If the last column of the transformation gives the translation, then points are being represented as column vectors and you left-multiply by the matrix to transform them. Further transformations chain leftwards from this. Typically, instead of splitting apart the matrix in order to compute the image of the point, you would convert to homogeneous coordinates by appending a $1$ to the point’s coordinate vector and multiplying that by the full $4\times 4$ matrix: $$\begin{bmatrix}a&b&c&d\\e&f&g&h\\i&j&k&l\\m&n&o&p\end{bmatrix} \begin{bmatrix}x\\y\\z\\1\end{bmatrix}.$$ To recover the inhomogeneous Cartesian coordinates of the point, you divide through by the last element of the vector, unless it’s zero, in which case you have a point at infinity.
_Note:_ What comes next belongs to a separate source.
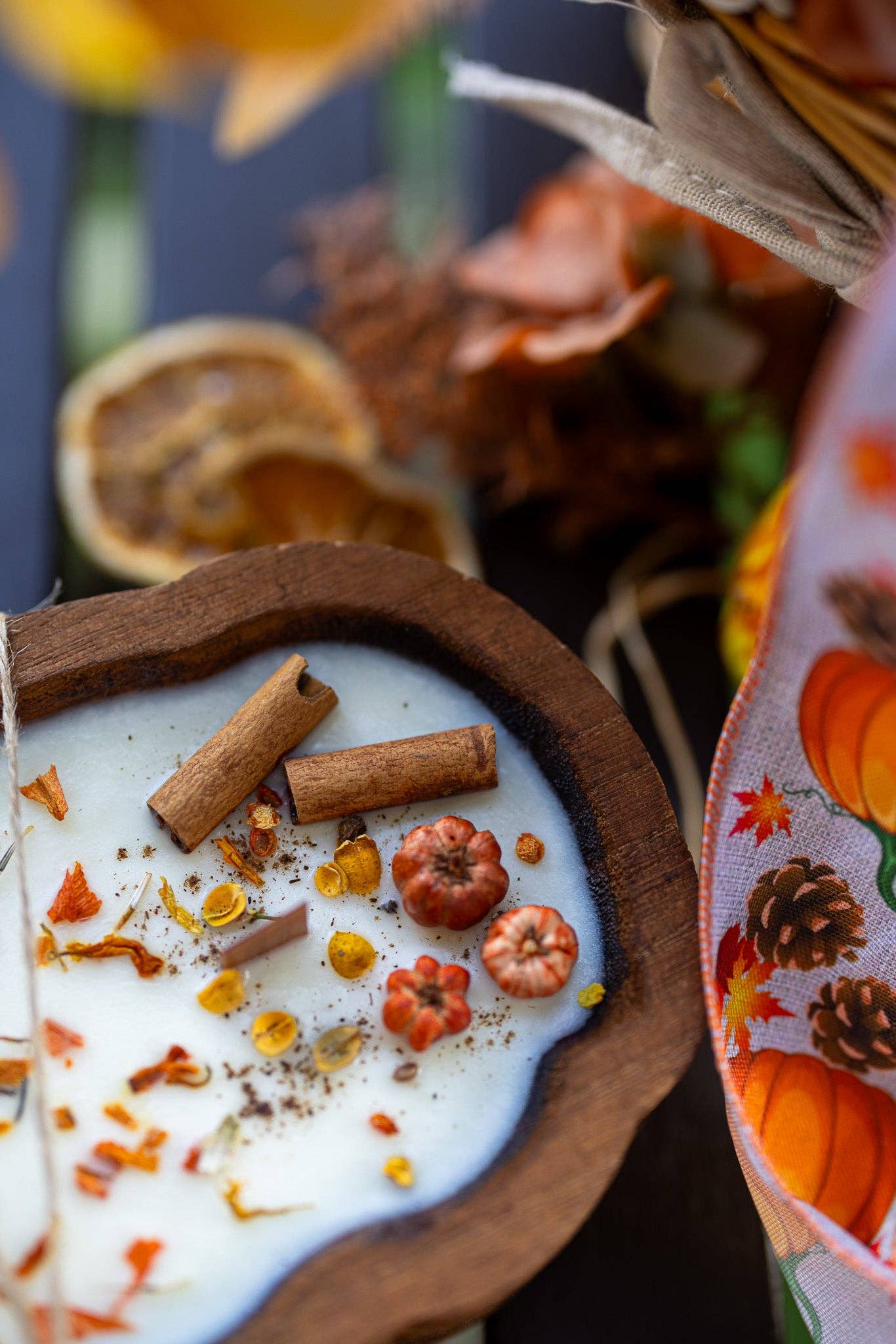WOODEN PUMPKIN DOUGH BOWL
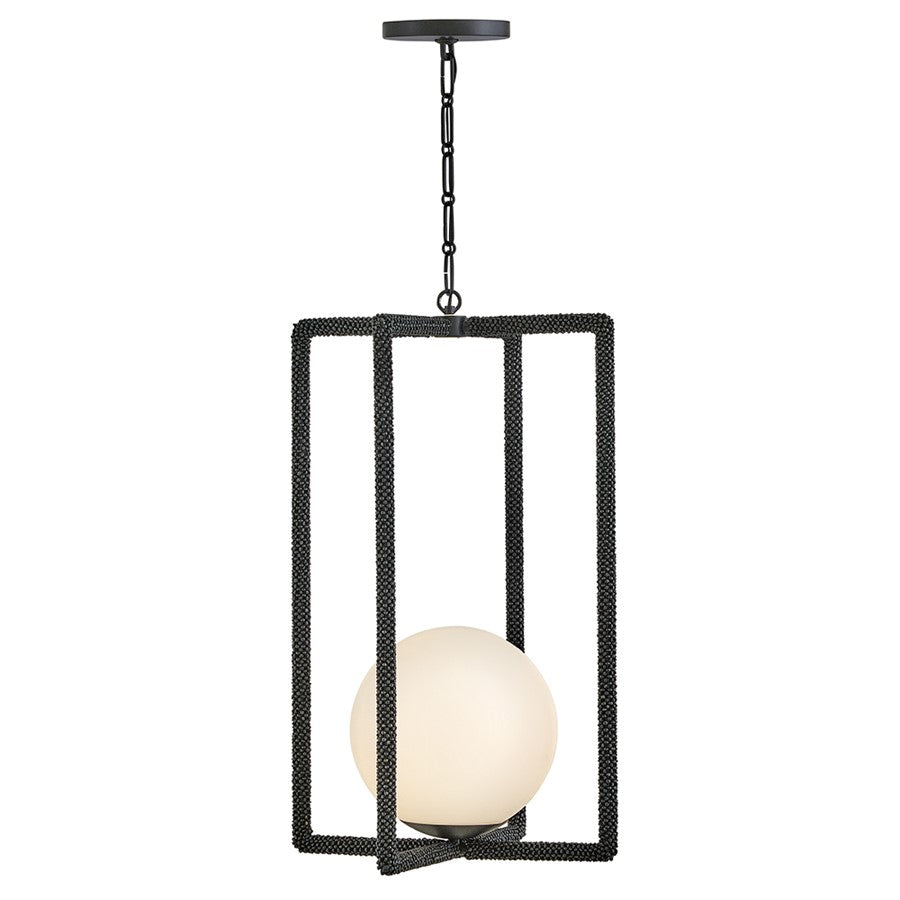 Hinkley Lighting Keona 1Lt Pendant, Painted Black Oxide/Etched Opal - 48517PBO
If the last row of the transformation matrix is $(0,0,0,1)$, then you have an affine transformation and can take some short cuts. (The upper-left $3\times3$ submatrix is the linear part of the transformation, but might not in general be limited to a rotation.) The fourth element of the vector being transformed will remain unchanged, so you don’t need to bother with that part of the full multiplication. If you’re dealing exclusively with affine transformations, you can save a bit of storage and represent them with $3\times4$ matrices. (Of course, composing them requires expanding to $4\times4$, at least virtually.) This is a common convention: for example, Adobe’s PostScript language uses non-square matrices to represent transformations in 2-D. Leaving out the last row means that the resulting vector will only have three elements, but since we started by tacking a $1$ on to the end of the point’s coordinates and will eventually divide by that $1$ again after transforming, this all works out automatically.
On the other hand, if the last row of the transformation matrix isn’t a multiple of $(0,0,0,1)$, you’re dealing with a projective transformation of space and need to work with the full $4\times1$ homogeneous coordinate vectors.